++++ RECORDS TO PROCESS ++++
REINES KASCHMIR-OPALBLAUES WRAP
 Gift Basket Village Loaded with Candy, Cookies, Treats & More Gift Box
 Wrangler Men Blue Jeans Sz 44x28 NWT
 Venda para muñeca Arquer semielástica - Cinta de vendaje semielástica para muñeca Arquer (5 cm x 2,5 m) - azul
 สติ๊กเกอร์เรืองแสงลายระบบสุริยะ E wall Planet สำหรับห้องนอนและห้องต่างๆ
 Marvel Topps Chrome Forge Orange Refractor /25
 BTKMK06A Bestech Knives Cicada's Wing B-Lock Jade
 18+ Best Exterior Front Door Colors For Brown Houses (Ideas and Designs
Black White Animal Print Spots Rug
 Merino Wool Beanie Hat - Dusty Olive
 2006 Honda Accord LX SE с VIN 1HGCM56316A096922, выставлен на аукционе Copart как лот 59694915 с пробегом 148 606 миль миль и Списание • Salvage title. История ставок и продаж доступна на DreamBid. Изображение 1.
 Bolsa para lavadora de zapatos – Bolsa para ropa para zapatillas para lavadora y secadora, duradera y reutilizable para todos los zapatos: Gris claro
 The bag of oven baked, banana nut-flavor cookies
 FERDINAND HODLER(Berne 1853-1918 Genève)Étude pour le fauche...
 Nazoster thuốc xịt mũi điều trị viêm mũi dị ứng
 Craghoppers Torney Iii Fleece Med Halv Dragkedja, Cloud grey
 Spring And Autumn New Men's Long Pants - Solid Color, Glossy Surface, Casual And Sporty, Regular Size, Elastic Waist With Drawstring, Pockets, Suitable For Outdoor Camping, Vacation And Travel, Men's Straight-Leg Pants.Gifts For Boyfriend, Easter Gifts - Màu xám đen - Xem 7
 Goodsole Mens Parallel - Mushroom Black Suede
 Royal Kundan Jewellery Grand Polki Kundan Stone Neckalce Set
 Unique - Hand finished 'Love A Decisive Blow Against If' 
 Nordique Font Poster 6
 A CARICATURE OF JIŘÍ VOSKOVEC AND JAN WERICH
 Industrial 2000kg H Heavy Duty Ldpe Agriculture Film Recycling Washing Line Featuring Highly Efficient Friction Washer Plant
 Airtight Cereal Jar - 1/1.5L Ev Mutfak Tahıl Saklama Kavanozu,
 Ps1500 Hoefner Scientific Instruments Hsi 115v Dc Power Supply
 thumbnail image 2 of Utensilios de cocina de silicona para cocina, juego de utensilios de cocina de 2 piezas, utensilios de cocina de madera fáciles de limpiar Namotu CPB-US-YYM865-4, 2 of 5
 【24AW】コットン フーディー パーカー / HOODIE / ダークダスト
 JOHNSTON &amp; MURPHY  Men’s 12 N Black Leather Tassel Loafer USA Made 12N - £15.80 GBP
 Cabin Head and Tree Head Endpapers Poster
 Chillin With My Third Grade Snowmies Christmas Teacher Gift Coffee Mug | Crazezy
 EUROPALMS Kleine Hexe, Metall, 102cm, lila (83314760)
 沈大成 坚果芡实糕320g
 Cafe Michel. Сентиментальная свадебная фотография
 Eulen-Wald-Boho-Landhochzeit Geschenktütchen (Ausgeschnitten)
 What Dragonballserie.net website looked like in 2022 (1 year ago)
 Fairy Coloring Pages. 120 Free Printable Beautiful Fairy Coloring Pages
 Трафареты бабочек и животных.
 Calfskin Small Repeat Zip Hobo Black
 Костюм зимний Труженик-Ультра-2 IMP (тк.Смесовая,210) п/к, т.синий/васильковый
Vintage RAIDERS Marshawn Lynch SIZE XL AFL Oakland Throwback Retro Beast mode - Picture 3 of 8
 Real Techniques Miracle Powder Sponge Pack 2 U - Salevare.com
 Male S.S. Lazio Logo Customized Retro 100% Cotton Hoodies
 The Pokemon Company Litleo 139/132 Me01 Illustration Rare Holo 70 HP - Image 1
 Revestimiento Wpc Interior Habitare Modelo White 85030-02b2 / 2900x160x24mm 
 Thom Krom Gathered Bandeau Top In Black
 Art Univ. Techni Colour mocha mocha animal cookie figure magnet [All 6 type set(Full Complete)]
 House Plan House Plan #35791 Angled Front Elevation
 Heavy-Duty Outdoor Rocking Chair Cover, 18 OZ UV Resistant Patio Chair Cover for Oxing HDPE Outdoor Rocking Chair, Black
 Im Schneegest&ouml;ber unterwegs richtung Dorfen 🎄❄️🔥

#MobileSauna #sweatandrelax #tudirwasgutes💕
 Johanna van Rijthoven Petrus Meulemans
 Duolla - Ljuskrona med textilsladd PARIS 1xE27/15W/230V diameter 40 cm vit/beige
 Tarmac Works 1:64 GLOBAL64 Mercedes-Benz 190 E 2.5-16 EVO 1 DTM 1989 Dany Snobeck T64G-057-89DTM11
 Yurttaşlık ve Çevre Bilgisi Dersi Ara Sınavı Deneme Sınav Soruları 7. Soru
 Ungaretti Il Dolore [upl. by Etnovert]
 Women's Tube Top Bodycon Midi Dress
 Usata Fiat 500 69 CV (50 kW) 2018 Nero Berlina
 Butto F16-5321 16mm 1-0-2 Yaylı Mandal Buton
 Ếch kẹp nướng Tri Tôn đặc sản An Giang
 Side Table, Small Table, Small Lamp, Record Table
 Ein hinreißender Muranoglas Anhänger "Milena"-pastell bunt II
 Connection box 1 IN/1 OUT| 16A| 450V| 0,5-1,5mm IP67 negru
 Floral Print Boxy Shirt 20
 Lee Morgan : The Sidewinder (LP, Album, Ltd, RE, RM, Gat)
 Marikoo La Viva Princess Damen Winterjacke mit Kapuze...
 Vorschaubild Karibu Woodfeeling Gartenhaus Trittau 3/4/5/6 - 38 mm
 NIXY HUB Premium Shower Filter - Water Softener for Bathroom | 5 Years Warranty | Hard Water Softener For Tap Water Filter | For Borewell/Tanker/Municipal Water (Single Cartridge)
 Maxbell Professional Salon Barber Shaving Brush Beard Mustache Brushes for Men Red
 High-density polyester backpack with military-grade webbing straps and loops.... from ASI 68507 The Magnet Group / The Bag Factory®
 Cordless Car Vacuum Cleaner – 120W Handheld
++++
EXERCISE PROMPT: Check the lines above and copy each one that includes "Retro".

OUTPUT FOR THIS TASK:
Vintage RAIDERS Marshawn Lynch SIZE XL AFL Oakland Throwback Retro Beast mode - Picture 3 of 8
 Male S.S. Lazio Logo Customized Retro 100% Cotton Hoodies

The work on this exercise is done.